It is the job of genetic counselors to educate patients about the implications of genetic knowledge, and to help patients anticipate and deal with these challenges.

Should mandatory genetic screening be rejected in all situations?

Mandatory genetic screening of the adult population raises serious ethical questions about personal liberty and privacy, and thus is not likely to garner widespread support. Nevertheless, we are likely to hear calls for mandatory genetic testing in specific social contexts, and existing practices will no doubt be cited as justifications for such testing. For example, in the justice system, longstanding practices of fingerprinting, urine testing, and blood testing are already being supplemented by DNA testing.

Genetic testing is of particular concern when it comes to health insurance.

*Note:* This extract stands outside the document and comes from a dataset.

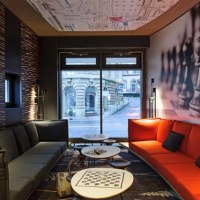 Modern room with gray and red sofas, chessboard pattern on table, wall with chess pieces, window with view of building., &copy; TOMAS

Of particular concern is the specter of genetic testing in the insurance industry. When individuals apply for insurance policies, they are often required to provide family medical history, as well as blood and urine samples. At present, however, insurance companies in the United States cannot require genetic testing of applicants. While this prohibition is designed to prevent genetic discrimination, insurance industry lobbyists will surely be pressing the following kind of argument in coming years:

  • If it is considered fair and proper to identify applicants with high cholesterol and/or a family history of heart disease, and to charge those applicants higher premiums, why should it be considered unfair to utilize genetic testing to accomplish the same goals?
The genetic screening of newborns or others who are incapable of valid consent presents additional ethical questions.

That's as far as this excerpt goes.